Protein tags are peptide sequences genetically grafted onto a recombinant protein.  Tags are attached to proteins for various purposes. They can be added to either end of the target protein, so they are either C-terminus or N-terminus specific or are both C-terminus and N-terminus specific. Some tags are also inserted at sites within the protein of interest; they are known as internal tags.

Affinity tags are appended to proteins so that they can be purified from their crude biological source using an affinity technique.  Affinity tags include chitin binding protein (CBP), maltose binding protein (MBP), Strep-tag and glutathione-S-transferase (GST).  The poly(His) tag is a widely used protein tag, which binds to matrices bearing immobilized metal ions.

Solubilization tags are used, especially for recombinant proteins expressed in species such as E. coli, to assist in the proper folding in proteins and keep them from aggregating in inclusion bodies.  These tags include thioredoxin (TRX) and poly(NANP).  Some affinity tags have a dual role as a solubilization agent, such as MBP and GST.

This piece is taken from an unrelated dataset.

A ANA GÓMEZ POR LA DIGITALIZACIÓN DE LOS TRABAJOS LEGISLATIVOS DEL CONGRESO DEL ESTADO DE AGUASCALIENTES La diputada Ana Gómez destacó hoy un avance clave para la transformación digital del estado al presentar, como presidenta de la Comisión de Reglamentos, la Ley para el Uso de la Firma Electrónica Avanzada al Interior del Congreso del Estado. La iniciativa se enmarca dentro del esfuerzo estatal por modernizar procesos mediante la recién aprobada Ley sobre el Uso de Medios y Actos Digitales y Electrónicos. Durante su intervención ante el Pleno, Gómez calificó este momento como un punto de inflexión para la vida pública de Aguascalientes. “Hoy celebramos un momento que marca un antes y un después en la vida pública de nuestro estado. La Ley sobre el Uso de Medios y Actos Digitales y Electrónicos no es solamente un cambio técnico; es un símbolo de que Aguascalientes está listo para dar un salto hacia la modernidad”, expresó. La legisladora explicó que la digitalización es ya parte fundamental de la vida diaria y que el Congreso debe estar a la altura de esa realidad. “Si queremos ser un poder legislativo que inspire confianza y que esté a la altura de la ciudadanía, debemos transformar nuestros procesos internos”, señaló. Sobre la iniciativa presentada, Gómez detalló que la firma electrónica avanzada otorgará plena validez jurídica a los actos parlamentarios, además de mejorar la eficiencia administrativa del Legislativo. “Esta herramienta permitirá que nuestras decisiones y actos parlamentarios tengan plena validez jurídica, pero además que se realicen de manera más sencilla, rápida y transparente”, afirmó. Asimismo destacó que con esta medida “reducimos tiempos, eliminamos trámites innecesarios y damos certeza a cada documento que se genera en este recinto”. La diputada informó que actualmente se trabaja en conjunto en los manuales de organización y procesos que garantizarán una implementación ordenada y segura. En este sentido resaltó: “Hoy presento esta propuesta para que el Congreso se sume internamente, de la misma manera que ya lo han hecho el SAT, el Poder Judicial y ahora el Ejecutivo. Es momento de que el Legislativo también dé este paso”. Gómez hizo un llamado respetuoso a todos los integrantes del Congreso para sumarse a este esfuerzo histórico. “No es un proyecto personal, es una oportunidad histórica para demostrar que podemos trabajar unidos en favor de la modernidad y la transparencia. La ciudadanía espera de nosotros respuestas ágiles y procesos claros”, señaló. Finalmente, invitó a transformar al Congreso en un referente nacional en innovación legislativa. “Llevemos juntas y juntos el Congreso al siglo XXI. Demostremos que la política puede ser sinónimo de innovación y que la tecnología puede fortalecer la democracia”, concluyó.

Chromatography tags are used to alter chromatographic properties of the protein to afford different resolution across a particular separation technique.  Often, these consist of polyanionic amino acids, such as FLAG-tag or polyglutamate tag.

Epitope tags are short peptide sequences which are chosen because high-affinity antibodies can be reliably produced in many different species.  These are usually derived from viral genes, which explain their high immunoreactivity.  Epitope tags include ALFA-tag, V5-tag, Myc-tag, HA-tag, Spot-tag, T7-tag and NE-tag. These tags are particularly useful for western blotting, immunofluorescence and immunoprecipitation experiments, although they also find use in antibody purification.

Fluorescence tags are used to give visual readout on a protein.  Green fluorescent protein (GFP) and its variants are the most commonly used fluorescence tags.  More advanced applications of GFP include using it as a folding reporter (fluorescent if folded, colorless if not).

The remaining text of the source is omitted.